This repository contains the implementation and experiments I developed for my research project.
The datasets I used are located in the dataset/
directory. There are two
subdirectories there.
One is Yahoo/
which contains 67 Yahoo! datasets used in my research.
The other is concepts/
which contains three other subdirectories,
powers/
, sensor
/, and synthetic/
. The powers/
subdirectory contains the
power supply dataset in both arff
and csv
formats.
The sensor/light/
subdirectory contains the 55 light datasets I used in
my research.
The implementation for the baseline study I used as a comparison basis is located
at the paper-implementaion/
directory. The Python implementation of the INN paper
is located in the error_detection.py
file.
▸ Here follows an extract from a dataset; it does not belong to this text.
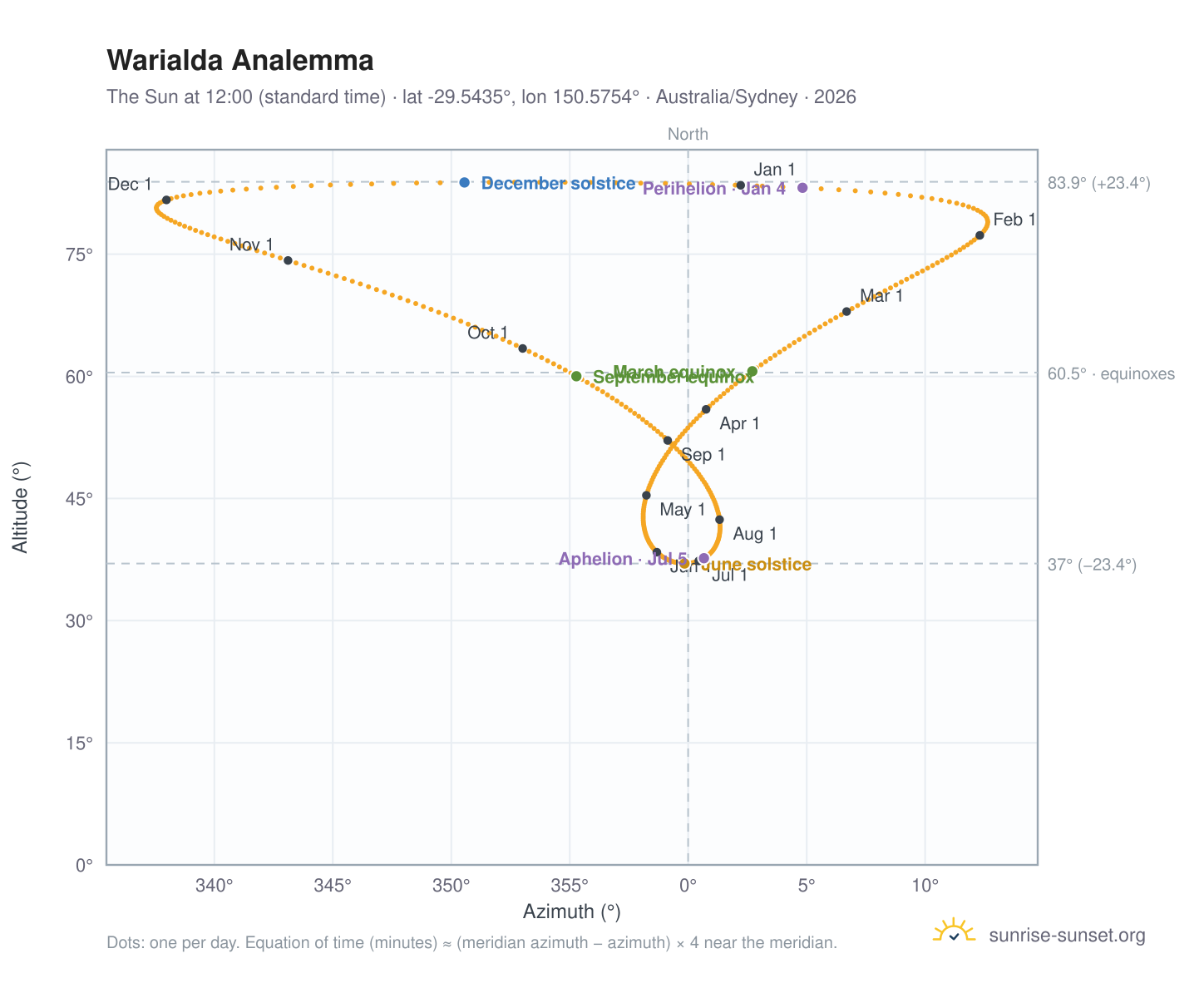 Warialda analemma chart: the Sun at 12:00 (standard time) through the year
There is also a Jupyter notebook file
error-detection.ipynb
which served as a rapid experimental version to
quickly perform multiple experiments without having to run the python file from the
beginning.
The main algorithm of the research, the concept drift detection is located at
the implementaion/
directory and specifically in the concept_drift_detection.py
file.
In the same directory, implementation/
, there are some helper functions and
base classes:
base_file_reader.py
which helps with reading files and saving to them
if required.
base_file_visualizer.py
which serves a similar purpose for visualizations.
constants.py
which contains constants used in the concept drift detection
and anomaly detection.
feature_extractor.py
which contains implementation for extracting statistical
features from the time series.
In the same directory, imlementation/
lies the code for anomaly detection.
The implementation for the anomaly detection which is the last step of the research
is located in the anomaly_classification_model.py
file.
It contains the code to use statistical features and CD features with four
classifiers I used to model anomaly detection. SVM
, KNN
, Random Forest
,
and Multi-Layer Perceptron Neural Network
model. MLP
was chosen based on its
performance.
There are multiple files in the experimental-codes
directory that only served
as experimental codes in the earlier stage of the development or are only
required to be executed once to prepare or transform datasets into the
right format (e.g. arff to csv converter).
Jupyter notebook are rapid tools to perform quick experiments without the hassles
of the ordinary Python files. The dataset statistics and Exploratory Data Analyses
(EDA) are located in the notebooks/
directory. EDA graphs and showcases for
concept drift are located in this directory. They are not needed to perform the
anomaly detection or concept drift detection.